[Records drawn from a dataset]
┌──

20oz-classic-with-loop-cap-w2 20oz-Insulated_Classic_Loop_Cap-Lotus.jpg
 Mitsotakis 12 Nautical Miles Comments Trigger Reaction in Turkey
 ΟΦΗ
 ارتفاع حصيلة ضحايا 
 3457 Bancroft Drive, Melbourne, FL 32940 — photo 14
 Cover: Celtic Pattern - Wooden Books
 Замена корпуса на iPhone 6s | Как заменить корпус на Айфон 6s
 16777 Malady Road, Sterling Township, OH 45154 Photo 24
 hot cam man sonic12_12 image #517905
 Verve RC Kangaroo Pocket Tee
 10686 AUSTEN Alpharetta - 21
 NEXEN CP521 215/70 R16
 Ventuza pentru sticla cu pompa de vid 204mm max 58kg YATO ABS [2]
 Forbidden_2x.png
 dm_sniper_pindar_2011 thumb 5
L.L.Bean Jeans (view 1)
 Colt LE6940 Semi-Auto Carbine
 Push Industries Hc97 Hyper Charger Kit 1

└──

■ What to produce ■
Can you quote exactly the lines from the one containing "Forbidden_2x.png" through the last line of the records above, and nothing else?

■ Exercise response ■
 Forbidden_2x.png
 dm_sniper_pindar_2011 thumb 5
L.L.Bean Jeans (view 1)
 Colt LE6940 Semi-Auto Carbine
 Push Industries Hc97 Hyper Charger Kit 1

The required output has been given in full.